Dengan demikian dapat
dikatakan bahwa manusia wajak bertubuh tinggi dengan isi tengkorak yang besar.
Wajak sudah termasuk Homo Sapiens, jadi sangat berbeda ciri-cirinya dengan
Pithecanthropus. Manusia Wajak mempunyai ciri-ciri baik ras Mongoloid dan Austrolomelanosoid. Hal itu dapat dilihat
dari ciri tengkoraknya yang sedang atau agak lonjong itu berbentuk agak persegi
di tengah-tengah atap tengkoraknya dari muka ke belakang. Selain itu
Di desa
Gamping Kecamatan Campurdarat juga ditemukan fosil tapirus indicus (Tapir), Manik-manik
dan benda perunggu.
Pemberitaan pertama tentang fosil
manusia purba Homo Wajakensis diterbitkan tahun 1889 dalam pertemuan ”Koninklij
– ke Natuurkundigo in Nederkansch – Indie” pada 13 Desember 1888, Mr. C.
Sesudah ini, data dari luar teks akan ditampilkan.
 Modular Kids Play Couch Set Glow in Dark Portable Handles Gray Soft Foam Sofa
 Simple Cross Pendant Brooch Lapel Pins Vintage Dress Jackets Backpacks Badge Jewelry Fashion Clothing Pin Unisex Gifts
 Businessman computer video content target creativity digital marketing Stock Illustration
Ph. Sluiter tahun 1889 membaca surat dari Mr. B. D. Van Rietshouten yang isinya
dia telah menemukan tengkorak manusia dan sejenisnya. Abstraksi tentang isi
surat tersebut disimpan pada berkas koleksi Dubois, Rijksmuseum Van
Natuurlijk Historie, Leiden. Di dalamnya termasuk sketsa tentang situs
wajak yang diproduksi ulang oleh Van Briak, 1982. Surat tersebut tertanggal 31
Oktober 1888 (Majalah Bersinar Tulungagung, edisi 25/IV/April 2005). Menurut
Effendhie (1999), bahwasanya manusia purba Wajakensis mempunyai tinggi badan
173 cm, manusia Wajak ini juga menunjukkan ciri-ciri ras Mongoloid dan Australomelanosoid,
yang diperkirakan hidup antara 40.000 sampai 25000 tahun yang lalu.
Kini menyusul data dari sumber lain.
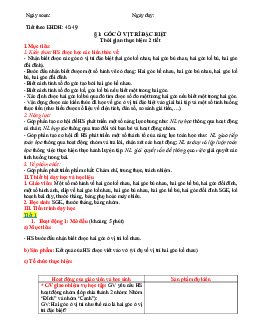 Giáo án Toán 7 C4 - Bài 1. Góc ở vị trí đặc biệt | Cánh diều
Bagi Dubois, atas penemuannya yang berupa manusia purba
Homo Wajakensis tersebut, akhirnya Dubois tinggal di daerah Tulungagung kurang
lebih selama lima tahun. Di daerah Tulungagung tersebut, ia melakukan
penyisiran lagi, ditempat Van Rietschoten menemukan fosil tengkorak manusia,
yakni di daerah cekungan bebatuan sekitar daerah Wajak. Yang menarik pada saat
Dubois tinggal di daerah Tulungagung adalah ia juga sering berkunjung ke
perkebunan milik orang Skotlandia yang bernama Boyd, tepatnya di daerah
Pegunungan Wilis. Setelah Dubois menemukan fosil manusia purba di daerah
Tulungagung Selatan (Homo Wajakensis), ia semakin berambisi untuk bisa
menemukan manusia purba yang lainnya. Akhirnya ia berpindah ke berbagai tempat
di daerah Jawa Timur dan daerah Jawa Tengah. Sudah berpuluh tahun Dubois meninggalkan Indonesia,
akhirnya kuburannya yang terletak di perkebunan De Bedelaer miliknya
di Kota Venlo, hanya bisa membisu. Batu nisannya yang bertahtakan fosil
tempurung kepala dan dua tulang paha yang disilangkan dari Phithecantrhopus yang
menjadi saksi bahwasanya Dubois adalah penemu fosil manusia purba di Indonesia
(khususnya daerah Jawa Tengah dan daerah Jawa Timur) (http://www.athenapub.com/13intro-he-htm).
Saat ini keberadaan
kesejarahan lokal mulai dibangkitkan untuk mewujudkan kesejarahan yang berskala
nasional. Perlu diketahui bahwa Homo Sapiens yang dinamakan Homo Wajakensis
tersebut merupakan kesejarahan yang berskala internasional yang telah diakui
keberadaannya oleh dunia. Sehingga sangat tepat dan benar apabila dibangun tugu
monumen sebagai bentuk simbolisasi terhadap penemuan fosil Homo Wajakensis yang
pernah terjadi pada masa itu.
Setiap bangunan tetunya mempunyai
makna dan mewakili setiap keinginan. Begitu pula dengan monumen tugu Wajakensis
yang berada di distrik Wajak. Monumen adalah jenis bangunan yang dibuat untuk memperingati
seseorang atau peristiwa yang dianggap penting oleh suatu kelompok sosial
sebagai bagian dari peringatan kejadian pada masa lalu (Wikipedia:Monumen).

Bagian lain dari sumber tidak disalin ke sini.